Set the listing down again exactly, please, apart from its pictures.

DATA BLOCK:
—————

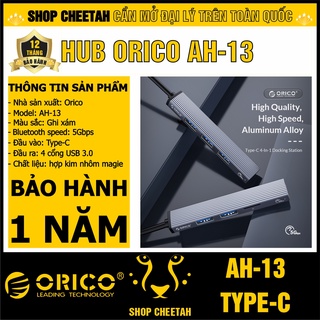 Bộ chia USB Type-C ra 4 cổng USB 3.0 - ORICO AH-13 ( Type-C To USB3.0 HUB ) – Bảo hành 12 tháng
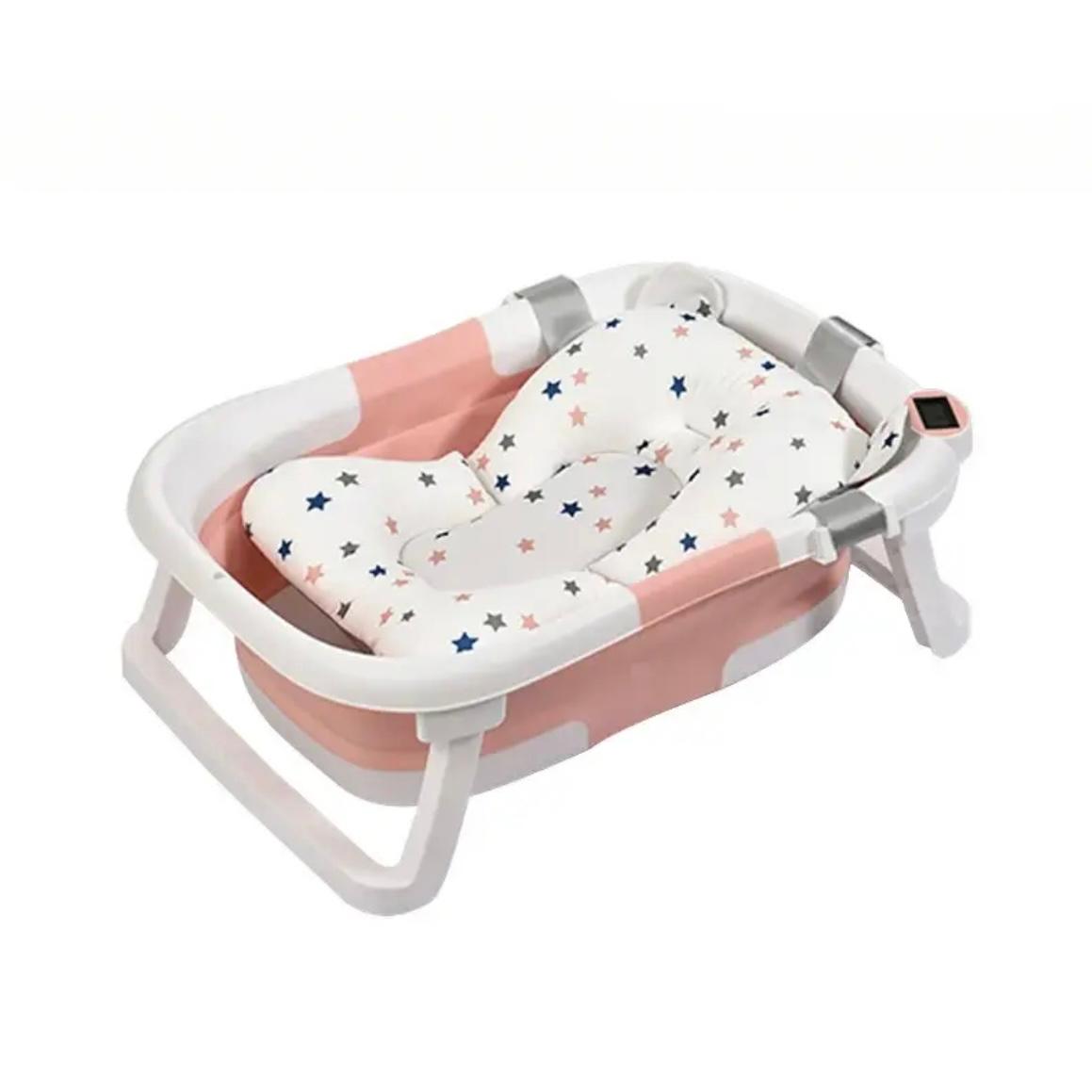 Baignoire pliable pour bébé avec coussin antidérapant et thermomètre intégré.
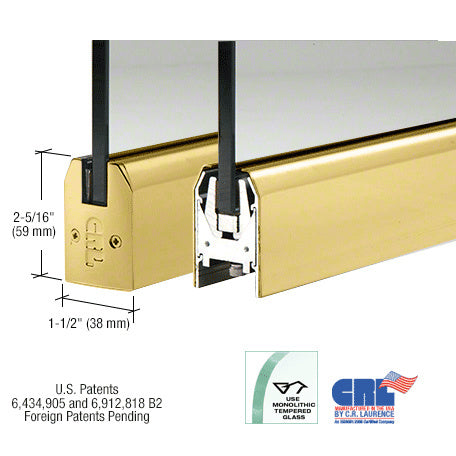 CRL 3/8" Glass Low Profile Tapered Door Rail Without Lock - 8" Patch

—————

SOLUTION TO THE PROBLEM:
 Bộ chia USB Type-C ra 4 cổng USB 3.0 - ORICO AH-13 ( Type-C To USB3.0 HUB ) – Bảo hành 12 tháng
 Baignoire pliable pour bébé avec coussin antidérapant et thermomètre intégré.
 CRL 3/8" Glass Low Profile Tapered Door Rail Without Lock - 8" Patch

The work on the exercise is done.